Of further note is that the Apostle Paul, when “caught up to the third heaven” was not even allowed to speak of what he saw (2 Cor. 12:2–4). Yet how interesting it is that those who today claim to have visited “heaven” not only write about their adventures, but endlessly promote their books through talk show appearances, live speaking engagements and other outlets. How is it that the Apostle Paul was given a “thorn in the flesh” to maintain his humility in light of his heavenly visit, and these individuals increase in popularity and notoriety because of their so-called experiences?
Perhaps what is most interesting, however, is that not one of these alleged heavenly visits is the same as another. Dr. Eben Alexander, Don Piper (90 Minutes in Heaven) and Colton Burpo (Heaven is For Real) are some of the most well-known propagators of these heavenly tales in recent years, yet their stories do not align with one another. This is most curious, since the Bible gives no indication that each person will experience Heaven in a different manner. More vital to note, though, is that not one of these accounts coincides with what God’s Word says about Heaven. If we desire to know more about the afterlife, then, it seems most obvious that we ought to turn to the Bible for our information, and not man-made mystical tales.

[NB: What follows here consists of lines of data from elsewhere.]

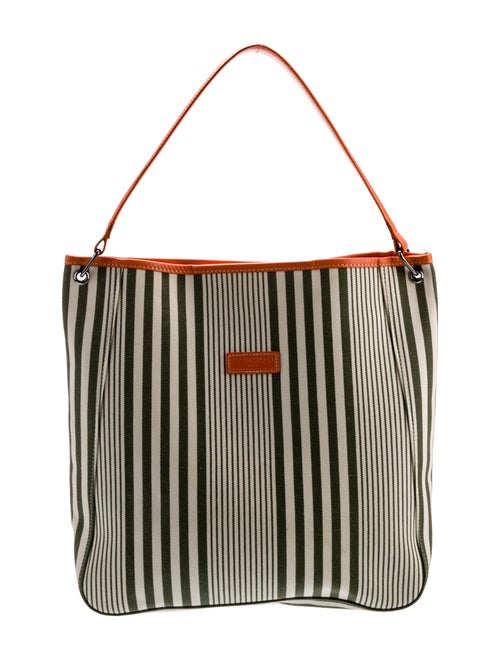 Longchamp Canvas Shoulder Bag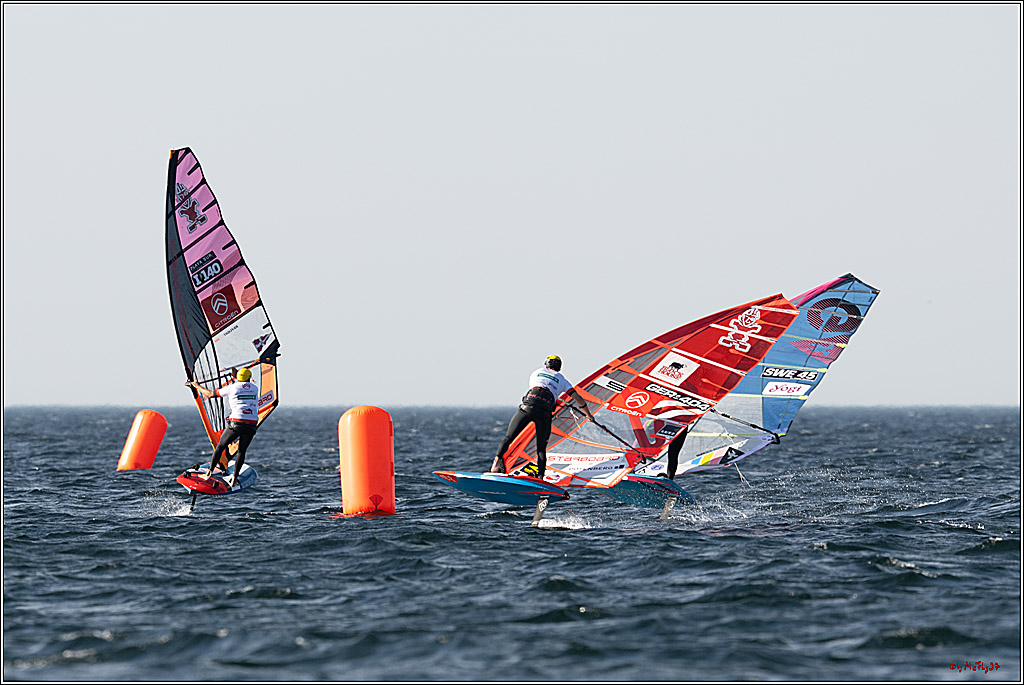 PWA - Citroen - World Windsurfing Tour Sylt 2026 - Tag 5 - Slalom Foil Men; Sylt Westerland, 30.09.2026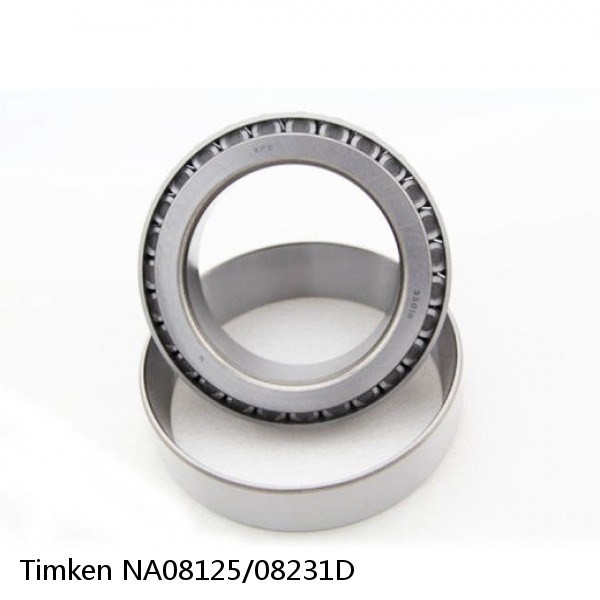 NA08125/08231D Timken Tapered Roller Bearing Assembly #1 image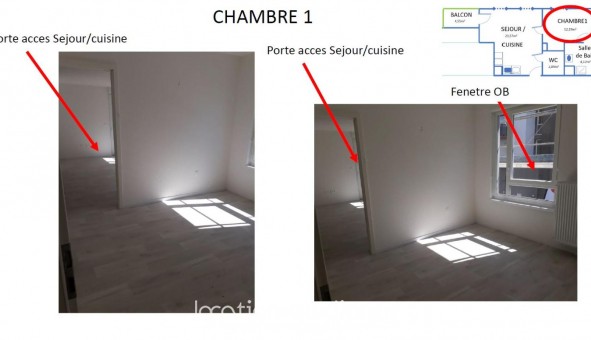 Logement tudiant T2 à Lingolsheim (67380)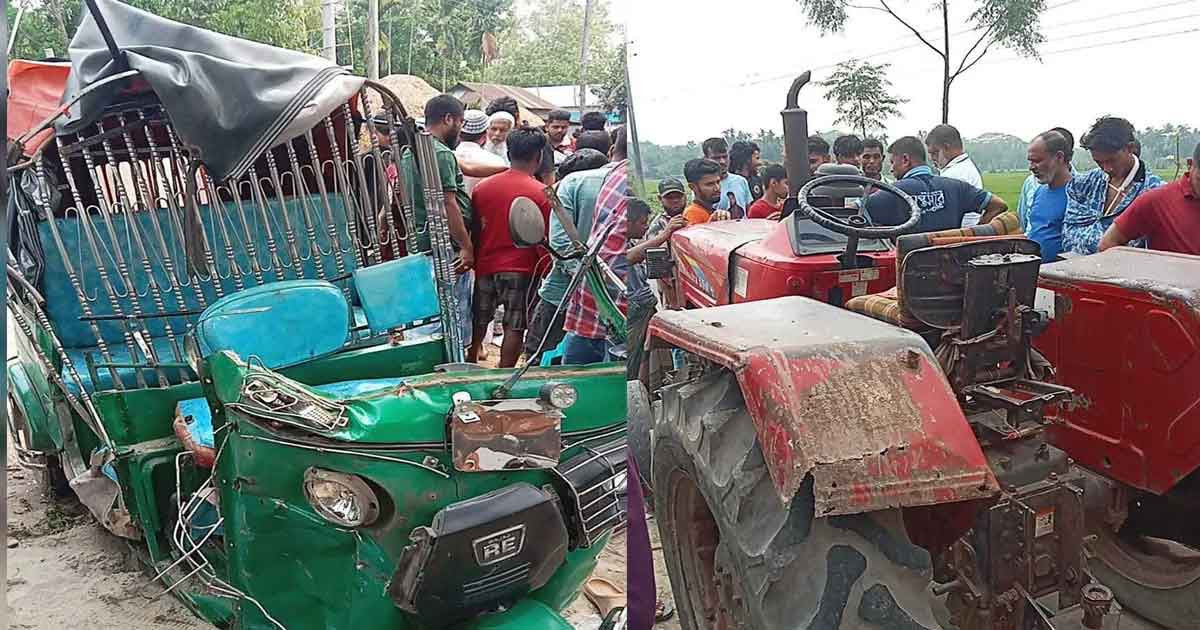 ময়মনসিংহে লরি-মাহেন্দ্র সংঘর্ষে শিশুসহ নিহত ২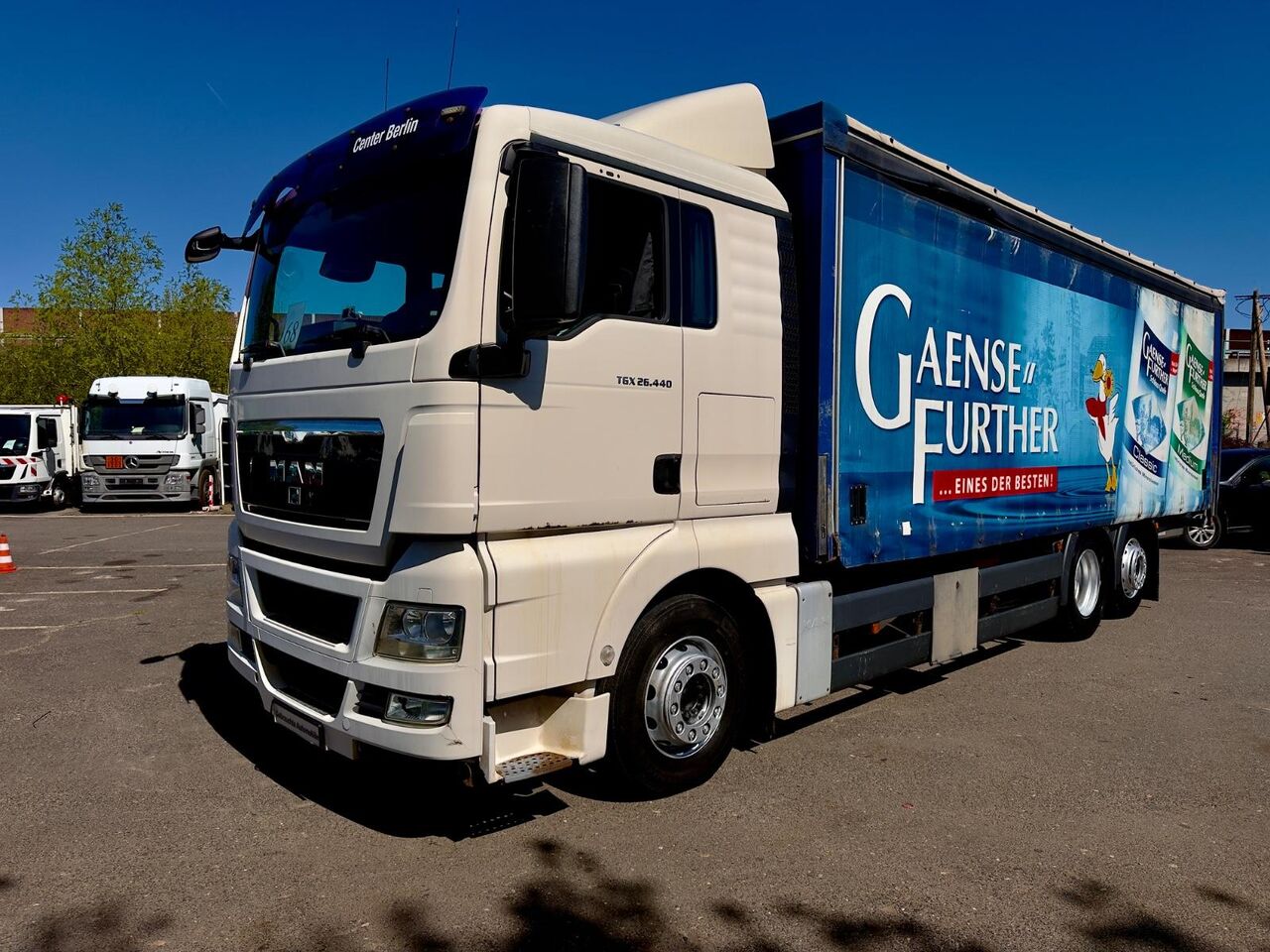 MAN TGX 26.440 Neu Motor - Camión lona: foto 3 MAN TGX 26.440 Neu Motor - Camión lona: foto 3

What, then, could be the purpose of this latest deceptive endeavor? Whether he realizes it or not, Dr. Alexander reveals this objective in the Newsweek article:
Not only is the universe defined by unity, it is also—I now know—defined by love. The universe as I experienced it in my coma is—I have come to see with both shock and joy—the same one that both Einstein and Jesus were speaking of in their (very) different ways. Source
It seems fair to propose that this is one of the primary goals of the Great Deceiver. To convince the world that sin, judgment and condemnation are not actual or final is one of Satan’s greatest ploys. To unite the world in a circle of love, while denigrating and diminishing truth is no doubt a plan that has long been in place by the enemy of our souls.
There can be only one Truth, however, and that is Jesus Christ (John 14:6). This truth, the reality of the Gospel, will divide—our Lord warned us that it would (Luke 12:49–53). Christians must be mindful not to be swept away in the glimmer and glitz of yet another story of one man’s purported excursion to “heaven.” Rather, believers must remain in the Word and on their knees in prayer, that God would protect them from such deception, and expose such tales for what they are—lies spewed from the depths of Hell.